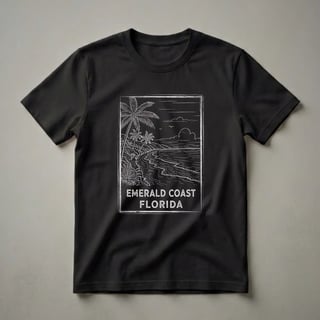 Vintage Emerald Coast Florida Beach Palm Tree Graphic T-Shirt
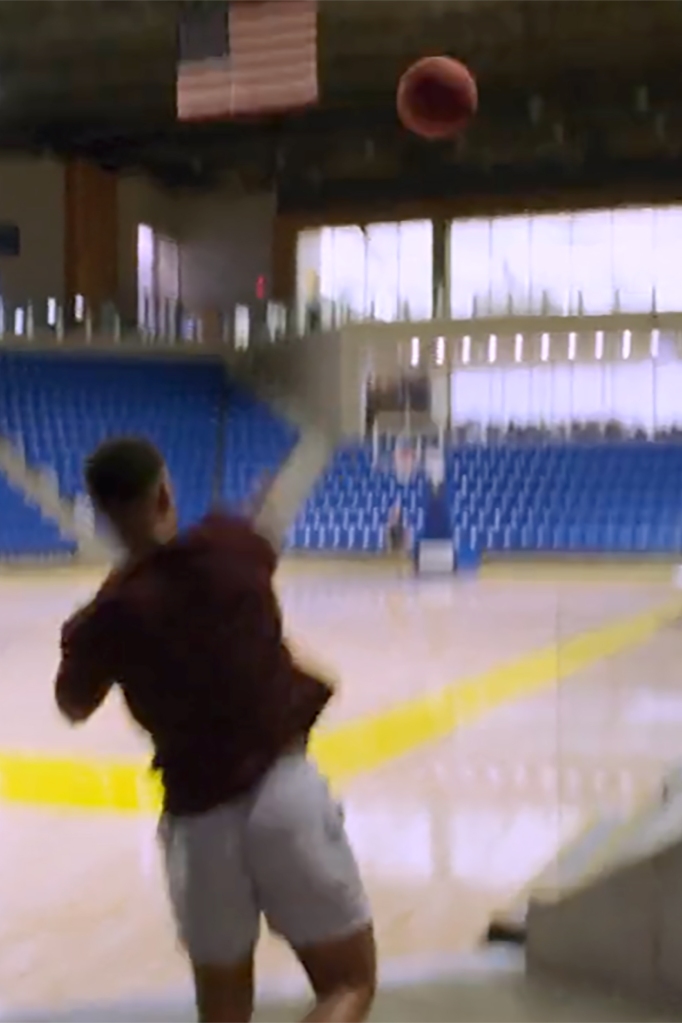 Louisiana basketball coach Joshua Walker fired a 113 foot shot from the entrance of the court.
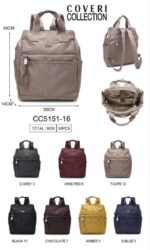 Amplia Mochila en Nylon Coveri Collection con Multicompartimentos y Velcro Interno Mujer - Imagen 8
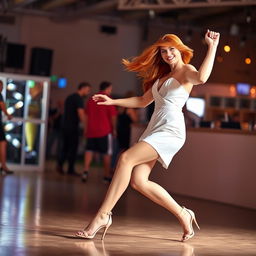 A beautiful redhead woman dancing gracefully in a stylish short white dress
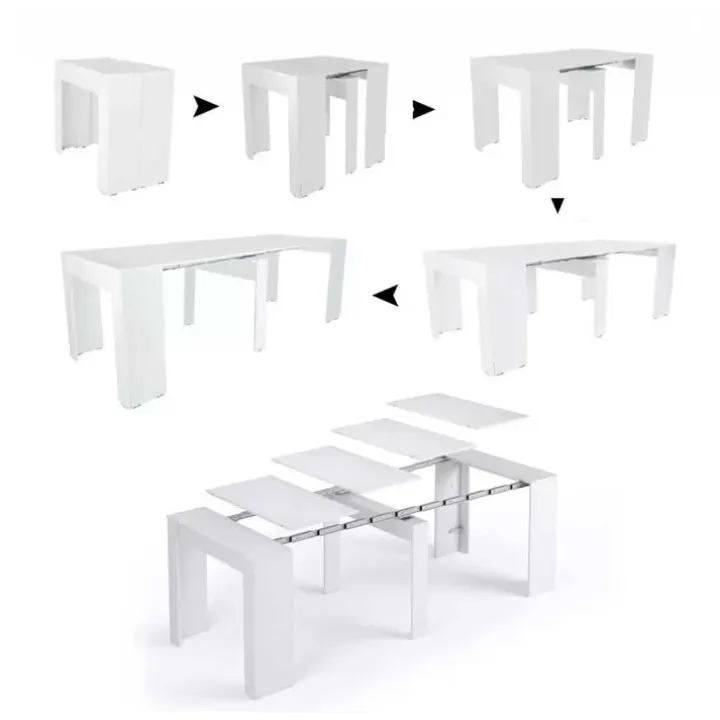 Tavolo consolle allungabile 52/238cm moderno nobilitato bianco opaco Virginia
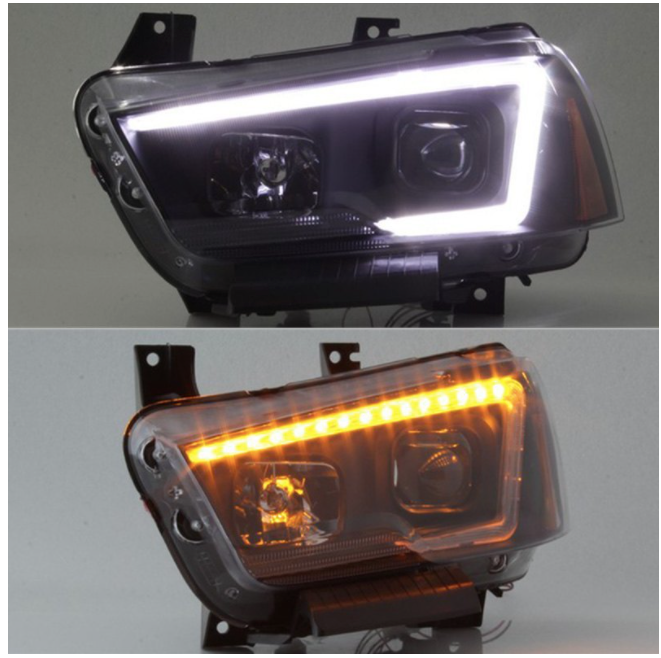 Spyder® (06-14) Charger Black LED DRL Bar Projector Headlights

▬▬▬▬▬▬

Give back exactly the lines from the line with "A beautiful redhead" through the end of the records, both included; keep all pictures out.

ANSWER BOX:
 A beautiful redhead woman dancing gracefully in a stylish short white dress
 Tavolo consolle allungabile 52/238cm moderno nobilitato bianco opaco Virginia
 Spyder® (06-14) Charger Black LED DRL Bar Projector Headlights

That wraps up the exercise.